» WHAT IS NEEDED
Please set down every entry again exactly as it stands, without the pictures.

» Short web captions
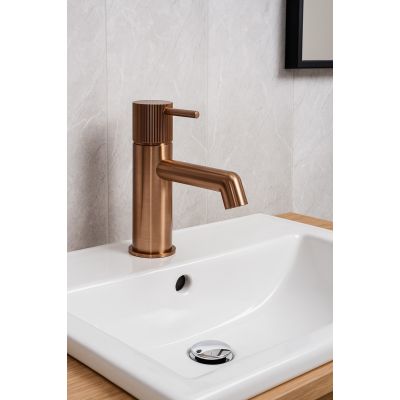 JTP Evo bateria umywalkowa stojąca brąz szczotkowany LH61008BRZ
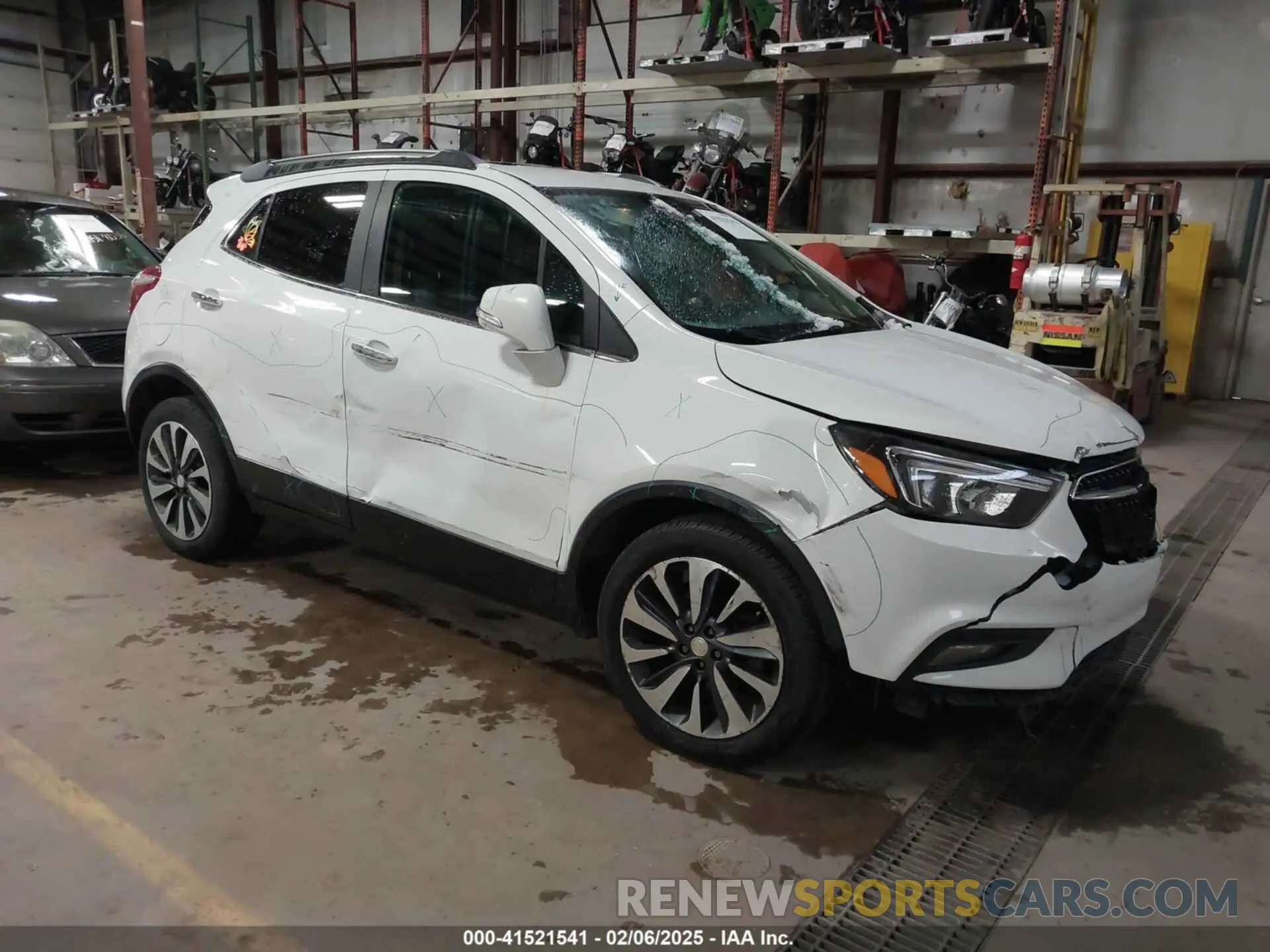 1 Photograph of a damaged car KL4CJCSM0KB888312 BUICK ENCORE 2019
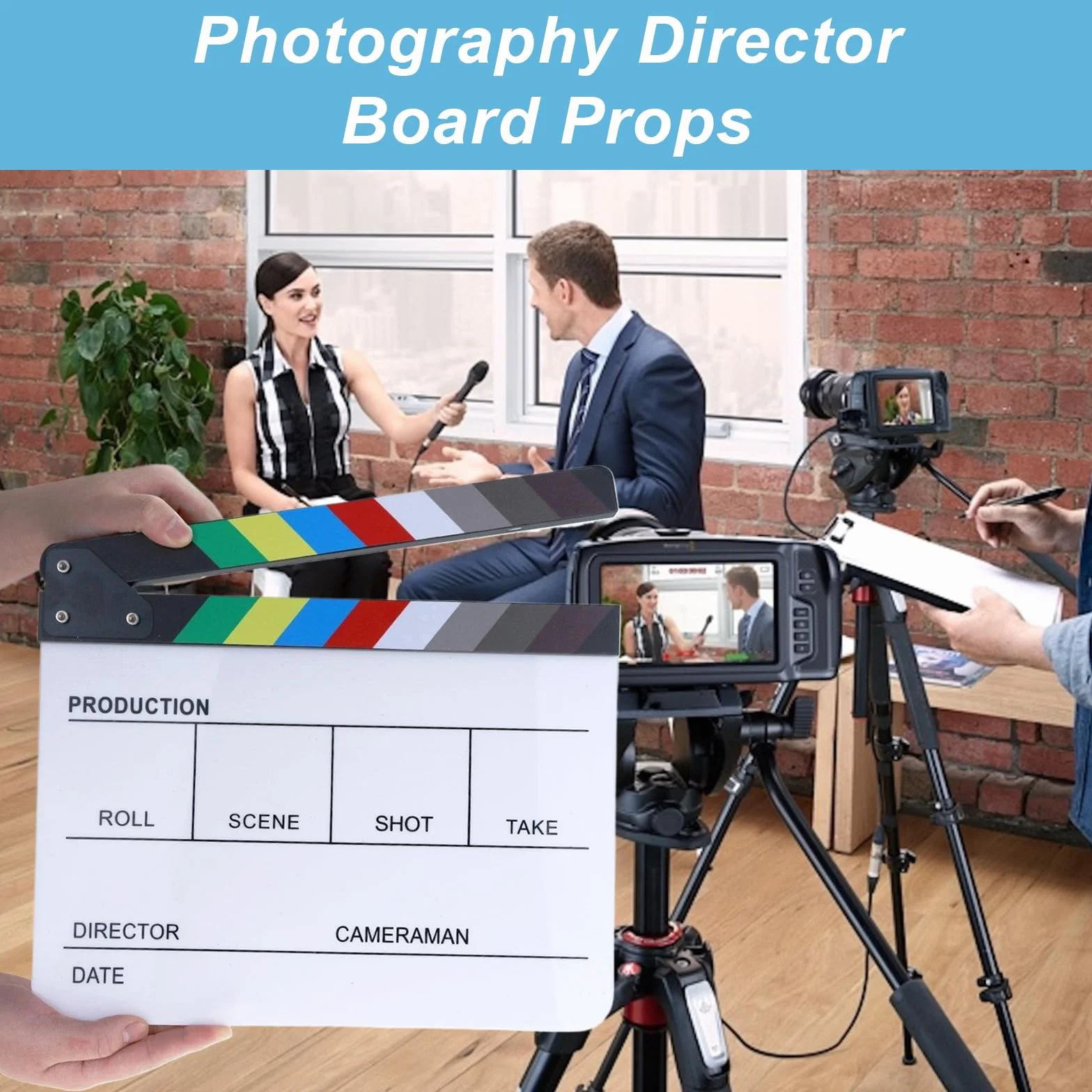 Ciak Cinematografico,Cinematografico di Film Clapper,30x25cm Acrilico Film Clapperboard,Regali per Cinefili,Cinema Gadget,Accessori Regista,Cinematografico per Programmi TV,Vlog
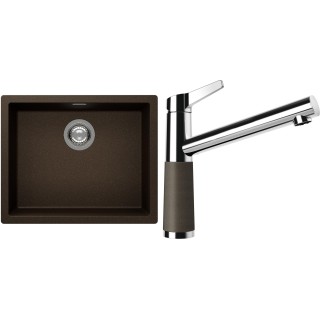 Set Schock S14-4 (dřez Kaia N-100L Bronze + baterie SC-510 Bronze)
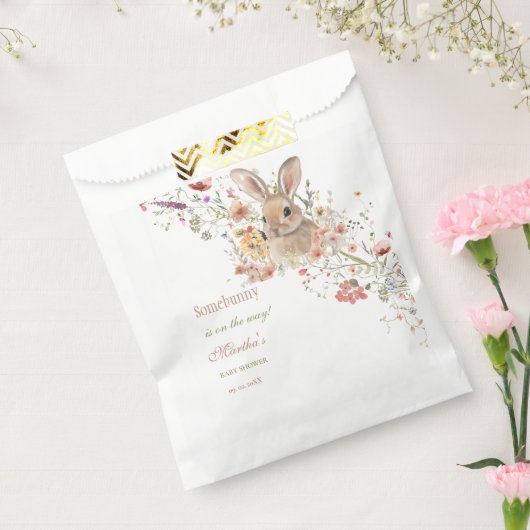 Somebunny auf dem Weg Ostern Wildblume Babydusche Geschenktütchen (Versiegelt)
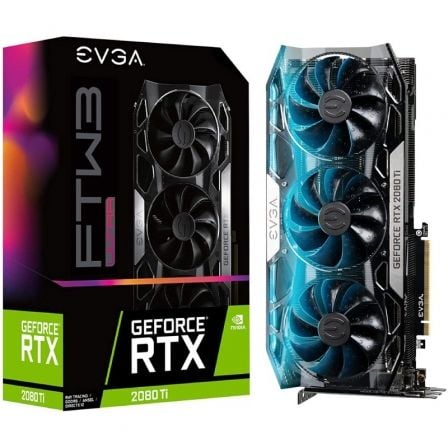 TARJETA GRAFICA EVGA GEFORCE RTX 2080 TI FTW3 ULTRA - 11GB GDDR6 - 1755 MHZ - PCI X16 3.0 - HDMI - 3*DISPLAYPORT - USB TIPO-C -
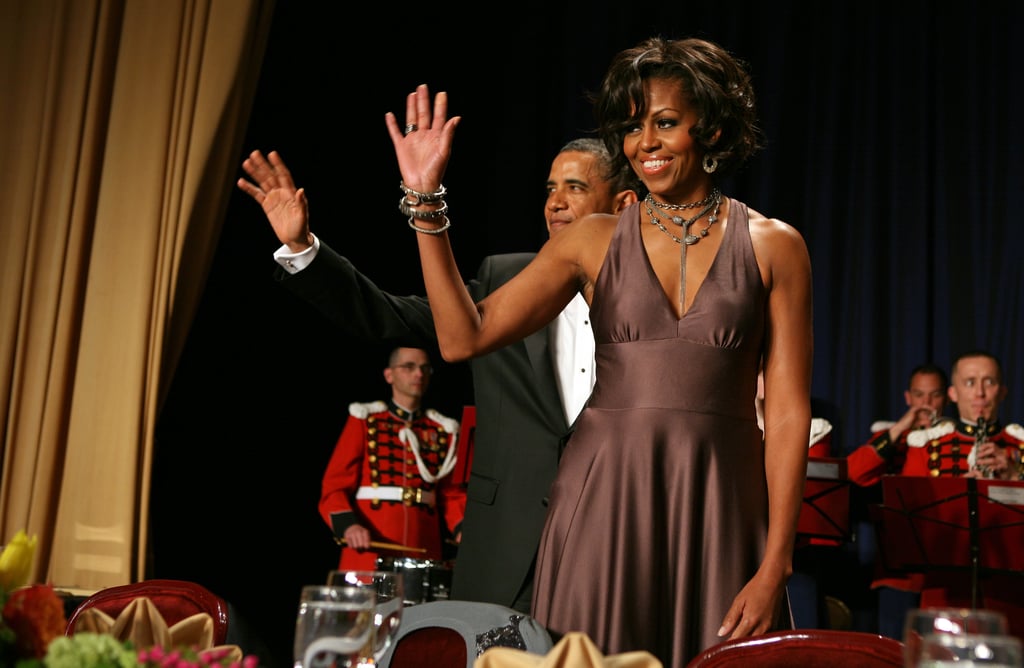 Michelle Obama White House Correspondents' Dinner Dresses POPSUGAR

» RESULT OF THE TASK
 JTP Evo bateria umywalkowa stojąca brąz szczotkowany LH61008BRZ
 1 Photograph of a damaged car KL4CJCSM0KB888312 BUICK ENCORE 2019
 Ciak Cinematografico,Cinematografico di Film Clapper,30x25cm Acrilico Film Clapperboard,Regali per Cinefili,Cinema Gadget,Accessori Regista,Cinematografico per Programmi TV,Vlog
 Set Schock S14-4 (dřez Kaia N-100L Bronze + baterie SC-510 Bronze)
 Somebunny auf dem Weg Ostern Wildblume Babydusche Geschenktütchen (Versiegelt)
 TARJETA GRAFICA EVGA GEFORCE RTX 2080 TI FTW3 ULTRA - 11GB GDDR6 - 1755 MHZ - PCI X16 3.0 - HDMI - 3*DISPLAYPORT - USB TIPO-C -
 Michelle Obama White House Correspondents' Dinner Dresses POPSUGAR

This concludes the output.